AMMs provide greater flexibility for trading in token pairs, which are notoriously illiquid on order book-based exchanges. Order book exchanges enable peer-to-peer transactions by connecting buyers and sellers via the order book. AMM trading, on the other hand, is distinct in that it focuses on the communication of peers and contracts.

Liquidity pools are essentially a collection of funds deposited into a smart contract by liquidity providers. AMM trades do not have a counterparty, and users must execute the trade with regard to liquidity. If a buyer wishes to purchase, they are not required to rely on a seller at this time. On the contrary, appropriate liquidity in the pool could support the trade’s execution.

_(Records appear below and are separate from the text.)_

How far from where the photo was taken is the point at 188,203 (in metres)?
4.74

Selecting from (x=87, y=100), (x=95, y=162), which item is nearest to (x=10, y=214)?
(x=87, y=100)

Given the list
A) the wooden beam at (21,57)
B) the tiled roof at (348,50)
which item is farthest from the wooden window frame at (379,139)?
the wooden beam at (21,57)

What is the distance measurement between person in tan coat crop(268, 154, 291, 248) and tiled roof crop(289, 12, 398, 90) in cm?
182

When you buy the newest food coin on Uniswap, there is no seller on the other end. In fact, an algorithm manages the entire transaction while also overseeing pool governance. Furthermore, the algorithm leverages information about various trades in the pool, playing a significant role in pricing.

Another intriguing aspect of DeFi liquidity pools is the fact that anyone can be a liquidity provider. As a result, in such cases where there are no exact parallels with the order book model, it is fair to presume liquidity providers as the counterparty.

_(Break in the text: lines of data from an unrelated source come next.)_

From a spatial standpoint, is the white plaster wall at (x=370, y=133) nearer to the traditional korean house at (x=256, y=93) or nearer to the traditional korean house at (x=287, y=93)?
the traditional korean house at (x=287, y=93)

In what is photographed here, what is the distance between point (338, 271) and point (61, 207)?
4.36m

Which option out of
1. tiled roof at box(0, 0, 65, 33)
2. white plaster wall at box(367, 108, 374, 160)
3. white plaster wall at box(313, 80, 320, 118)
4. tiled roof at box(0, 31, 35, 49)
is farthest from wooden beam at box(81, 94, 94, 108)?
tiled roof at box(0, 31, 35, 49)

How LP Tokens Enhanced DeFi Liquidity

Cash is regarded as the most liquid asset in traditional finance because it can be easily exchanged for gold, stocks, bonds, and other assets. However, cash cannot be easily converted to cryptocurrency. Bitcoin (BTC) is currently the most liquid asset in the broader crypto space, as it is  tradeable and accepted on nearly every centralized exchange. Ether is the most liquid asset in the DeFi ecosystem, which is almost entirely built on the Ethereum network, because it is Ethereum’s native asset and is accepted and tradeable on every decentralized exchange (DEX).

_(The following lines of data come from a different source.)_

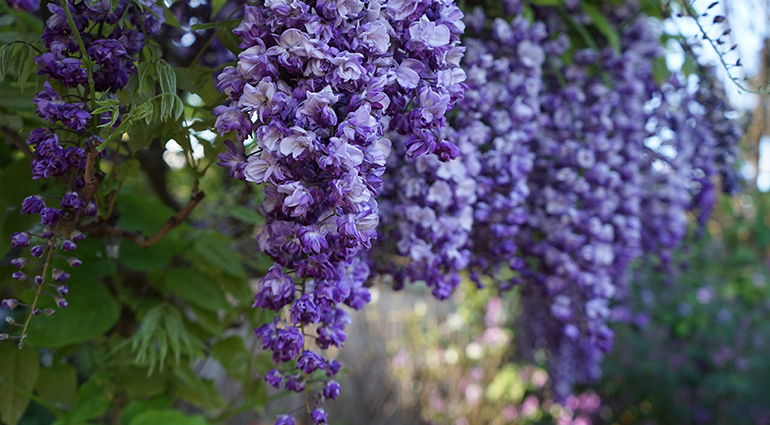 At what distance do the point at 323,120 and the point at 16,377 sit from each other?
2.04 ft

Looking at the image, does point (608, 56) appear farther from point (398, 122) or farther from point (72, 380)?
point (72, 380)

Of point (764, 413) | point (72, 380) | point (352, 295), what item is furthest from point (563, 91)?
point (764, 413)

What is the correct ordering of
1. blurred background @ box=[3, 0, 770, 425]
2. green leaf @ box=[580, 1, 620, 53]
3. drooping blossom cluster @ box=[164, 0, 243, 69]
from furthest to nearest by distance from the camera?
blurred background @ box=[3, 0, 770, 425]
drooping blossom cluster @ box=[164, 0, 243, 69]
green leaf @ box=[580, 1, 620, 53]

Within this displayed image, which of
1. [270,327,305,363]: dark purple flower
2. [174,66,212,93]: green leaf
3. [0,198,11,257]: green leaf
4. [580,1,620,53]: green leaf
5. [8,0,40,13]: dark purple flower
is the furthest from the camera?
[580,1,620,53]: green leaf

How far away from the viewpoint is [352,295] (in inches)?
21.3

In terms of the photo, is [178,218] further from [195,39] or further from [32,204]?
[195,39]

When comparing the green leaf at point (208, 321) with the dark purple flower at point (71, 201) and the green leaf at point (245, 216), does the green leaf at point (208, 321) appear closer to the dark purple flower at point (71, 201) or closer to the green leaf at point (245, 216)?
the green leaf at point (245, 216)

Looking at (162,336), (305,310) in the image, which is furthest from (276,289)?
(162,336)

Led to the formation of liquidity provider tokens, all assets in the Ethereum ecosystem were unavailable during their use. Tokens are typically locked up when they need to be staked, which is typically as part of a governance mechanism. For example, ETH will be locked up in Ethereum 2.0’s Proof-of-Stake (PoS) mechanism in order to validate and add new blocks to Ethereum’s blockchain. When a token is staked in this manner, it cannot be used for other purposes, implying that there is less liquidity in the system. At least within DeFi, creating smoothly convertible assets in AMMs in the form of LP tokens solves the problem of locked crypto liquidity.

The same tokens can be used multiple times with liquidity provider tokens, perhaps if they are decided to invest in a DeFi product or staked in a platform governance mechanism. LP tokens alleviate the issue of limited crypto liquidity by enabling an indirect form of staking in which you prove ownership of tokens rather than staking the tokens themselves.

Bottom line

Liquidity Pools remove the need for centralized order books while significantly reducing reliance on external market makers to offer consistent liquidity supply to decentralized exchanges.